----- DATA

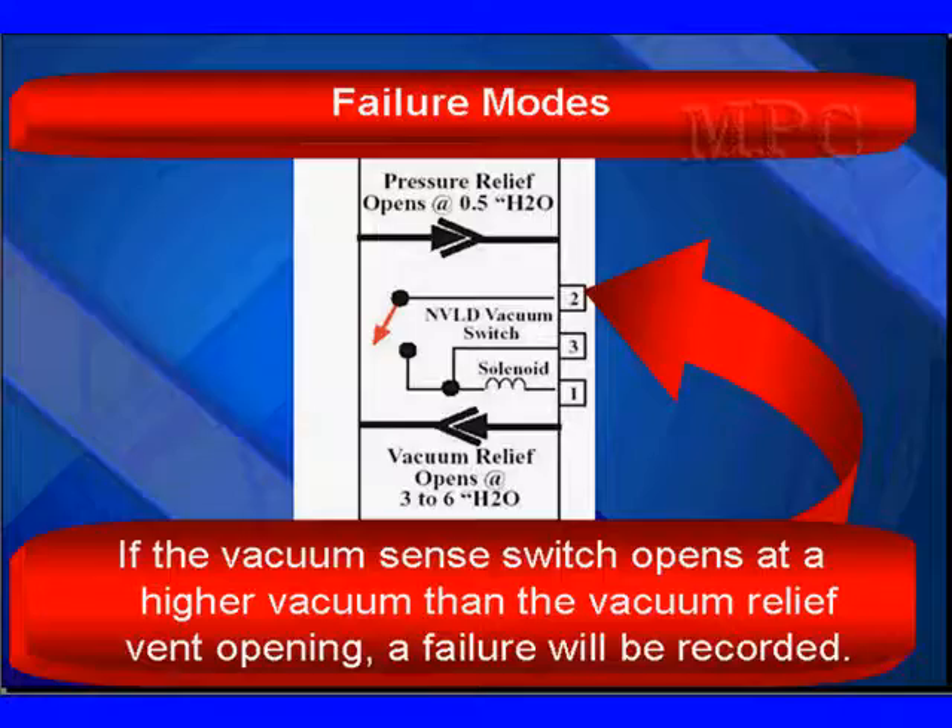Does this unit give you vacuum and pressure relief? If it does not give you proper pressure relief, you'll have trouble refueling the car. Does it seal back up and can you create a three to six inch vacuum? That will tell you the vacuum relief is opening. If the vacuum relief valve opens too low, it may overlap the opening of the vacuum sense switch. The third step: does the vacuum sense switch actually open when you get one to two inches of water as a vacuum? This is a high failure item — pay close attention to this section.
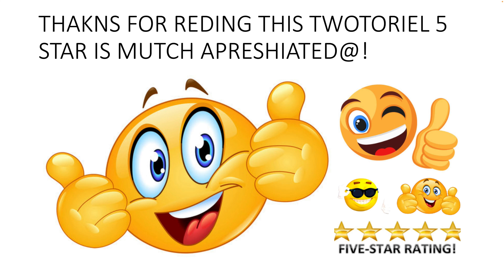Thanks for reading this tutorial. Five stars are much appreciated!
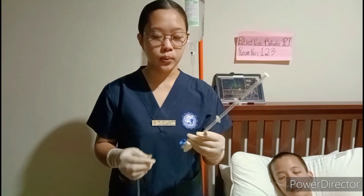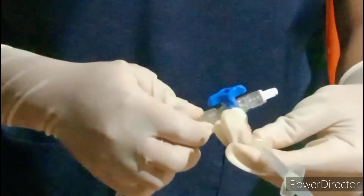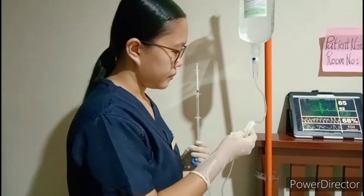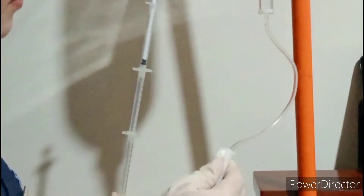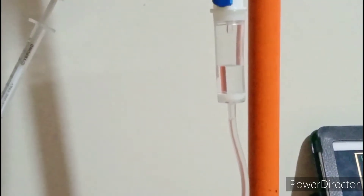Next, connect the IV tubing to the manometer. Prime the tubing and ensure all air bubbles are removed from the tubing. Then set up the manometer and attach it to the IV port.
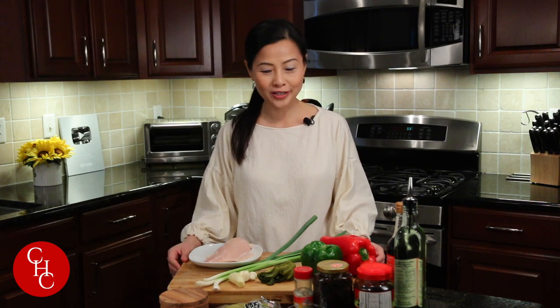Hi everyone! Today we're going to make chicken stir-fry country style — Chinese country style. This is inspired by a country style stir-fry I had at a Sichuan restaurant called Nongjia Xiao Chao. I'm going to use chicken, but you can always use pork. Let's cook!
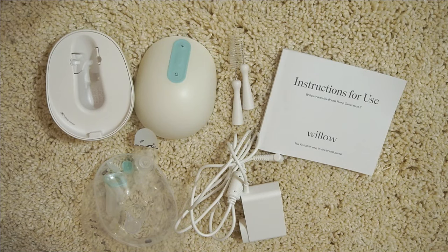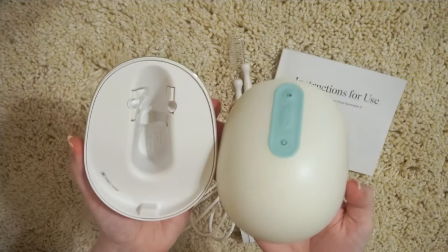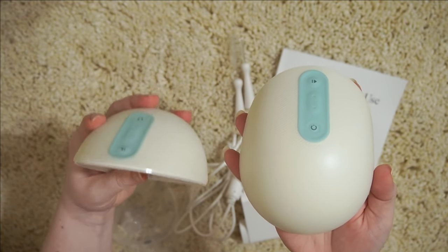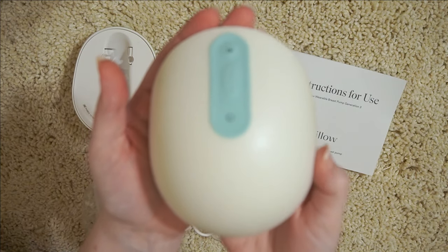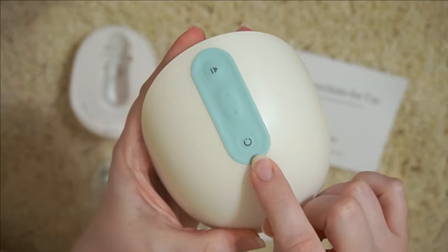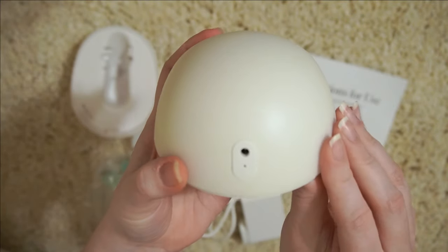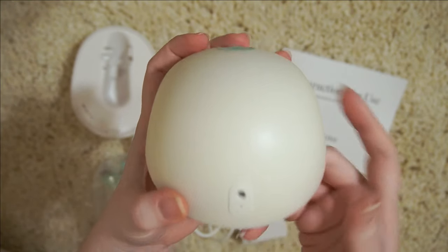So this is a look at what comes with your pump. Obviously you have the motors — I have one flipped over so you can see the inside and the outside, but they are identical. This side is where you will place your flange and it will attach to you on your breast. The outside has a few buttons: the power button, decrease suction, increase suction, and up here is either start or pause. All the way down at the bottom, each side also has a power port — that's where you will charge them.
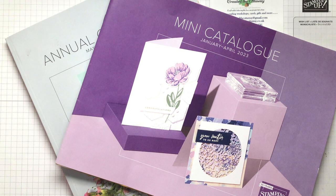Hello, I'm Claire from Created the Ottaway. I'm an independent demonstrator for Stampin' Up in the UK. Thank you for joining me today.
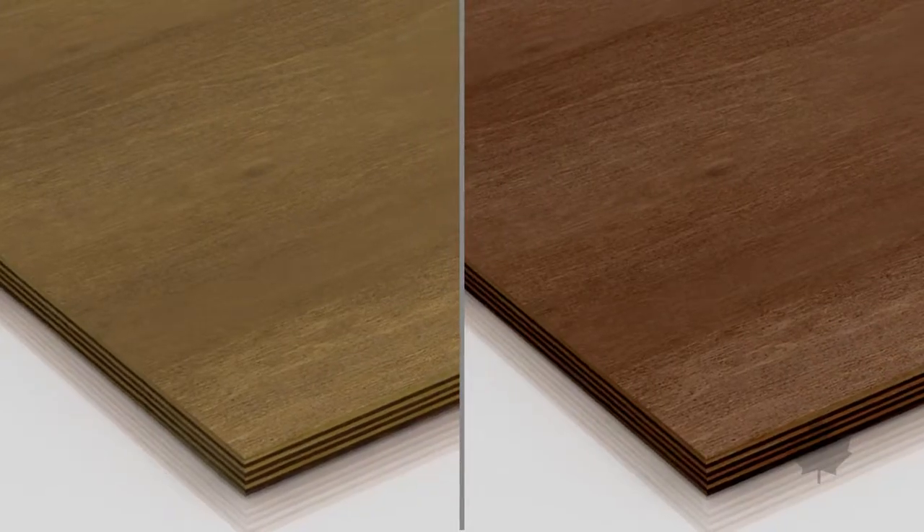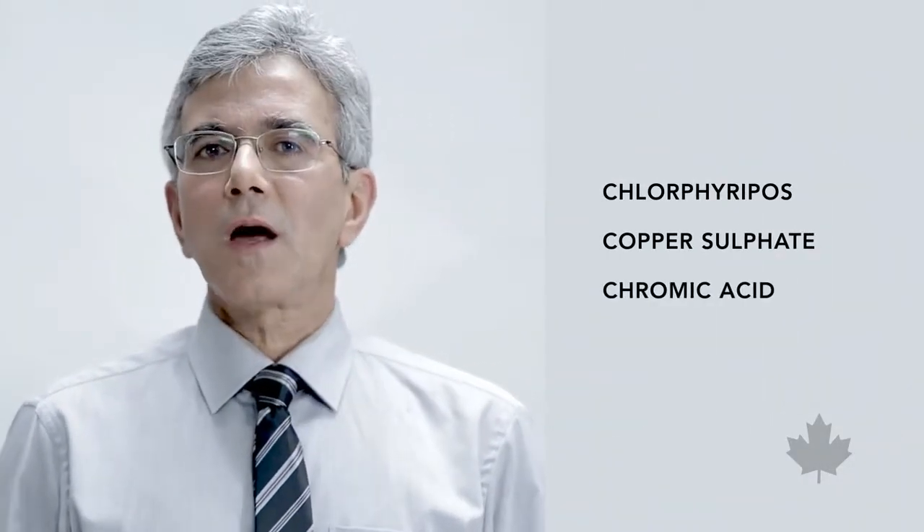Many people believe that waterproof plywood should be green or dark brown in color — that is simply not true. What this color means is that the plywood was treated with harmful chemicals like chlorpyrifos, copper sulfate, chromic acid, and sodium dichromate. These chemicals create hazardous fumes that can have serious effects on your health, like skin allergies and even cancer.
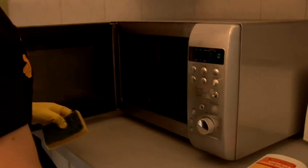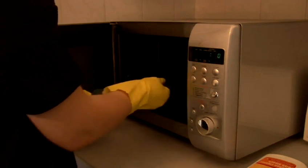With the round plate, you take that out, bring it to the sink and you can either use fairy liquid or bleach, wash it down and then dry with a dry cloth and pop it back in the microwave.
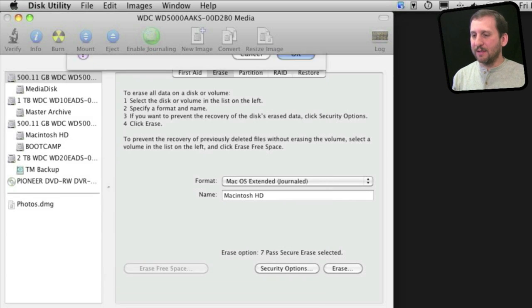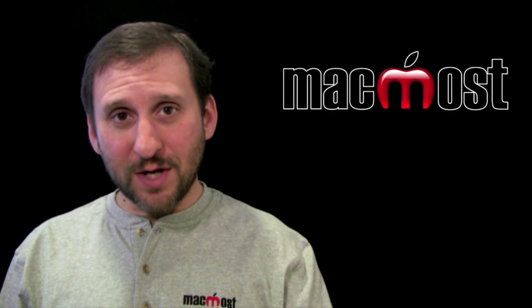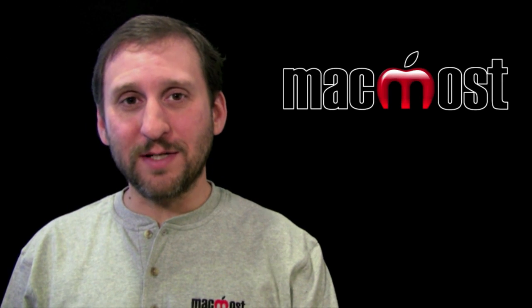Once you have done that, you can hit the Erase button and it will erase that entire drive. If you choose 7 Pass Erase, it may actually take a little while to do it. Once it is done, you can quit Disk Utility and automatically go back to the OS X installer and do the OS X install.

----------
----- DATA

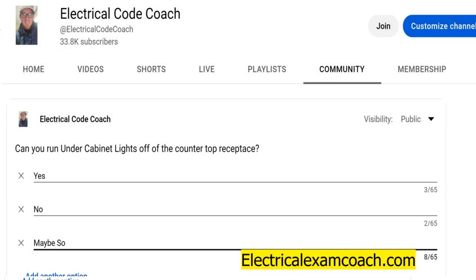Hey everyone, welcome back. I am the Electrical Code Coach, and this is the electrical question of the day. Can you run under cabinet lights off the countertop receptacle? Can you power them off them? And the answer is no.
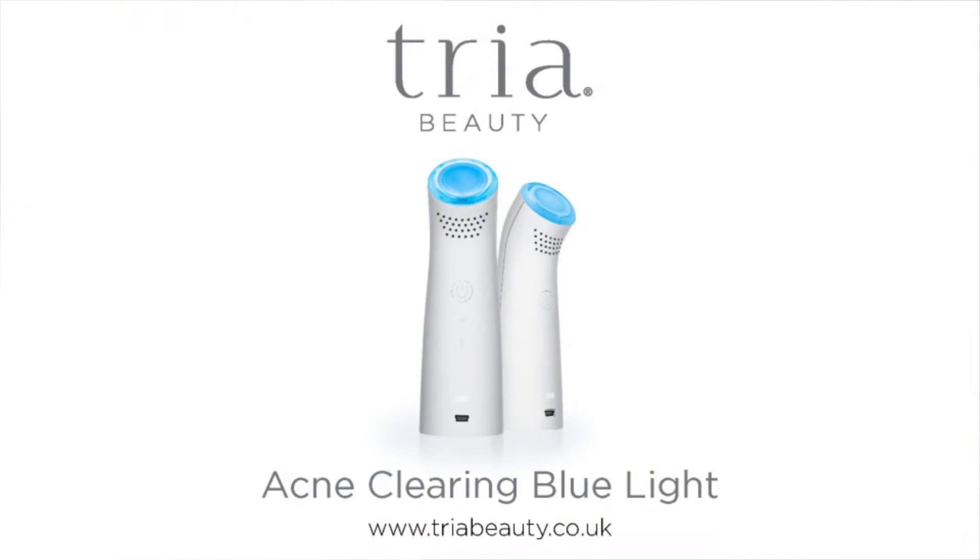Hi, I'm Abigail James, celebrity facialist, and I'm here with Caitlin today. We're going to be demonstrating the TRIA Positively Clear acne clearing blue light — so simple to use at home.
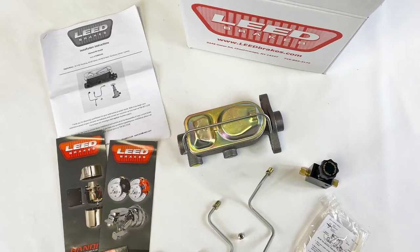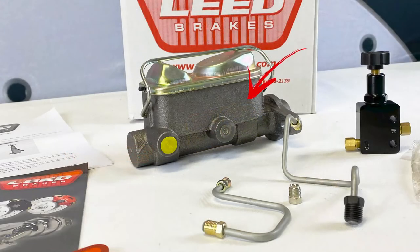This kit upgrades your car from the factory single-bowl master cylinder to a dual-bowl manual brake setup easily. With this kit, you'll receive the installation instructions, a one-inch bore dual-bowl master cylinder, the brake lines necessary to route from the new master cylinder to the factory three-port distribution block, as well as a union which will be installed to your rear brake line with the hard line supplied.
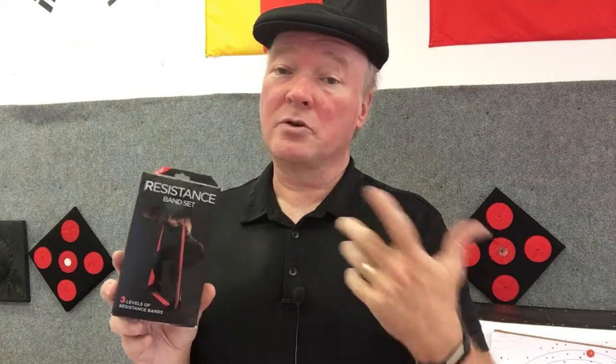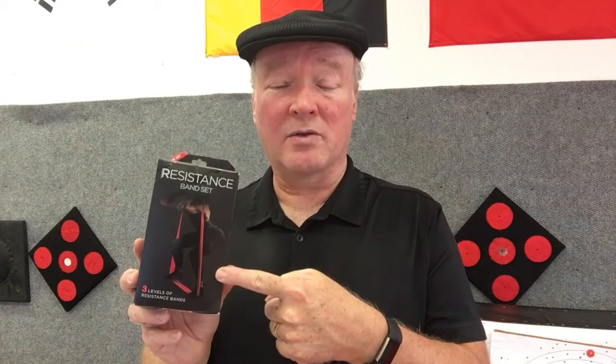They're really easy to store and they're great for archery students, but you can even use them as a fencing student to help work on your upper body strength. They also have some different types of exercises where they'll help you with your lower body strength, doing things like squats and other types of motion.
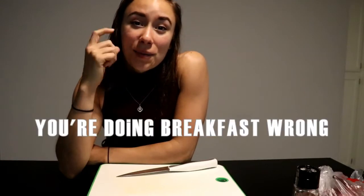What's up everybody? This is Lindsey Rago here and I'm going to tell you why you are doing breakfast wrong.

----------

**AIM OF THE TASK**
An exact copy of the lines above from the one with "This kit upgrades" up to and including the one with "What's up everybody?" is required; reproduce only those lines, omitting all pictures.

**ANSWER AREA**
This kit upgrades your car from the factory single-bowl master cylinder to a dual-bowl manual brake setup easily. With this kit, you'll receive the installation instructions, a one-inch bore dual-bowl master cylinder, the brake lines necessary to route from the new master cylinder to the factory three-port distribution block, as well as a union which will be installed to your rear brake line with the hard line supplied.
They're really easy to store and they're great for archery students, but you can even use them as a fencing student to help work on your upper body strength. They also have some different types of exercises where they'll help you with your lower body strength, doing things like squats and other types of motion.
What's up everybody? This is Lindsey Rago here and I'm going to tell you why you are doing breakfast wrong.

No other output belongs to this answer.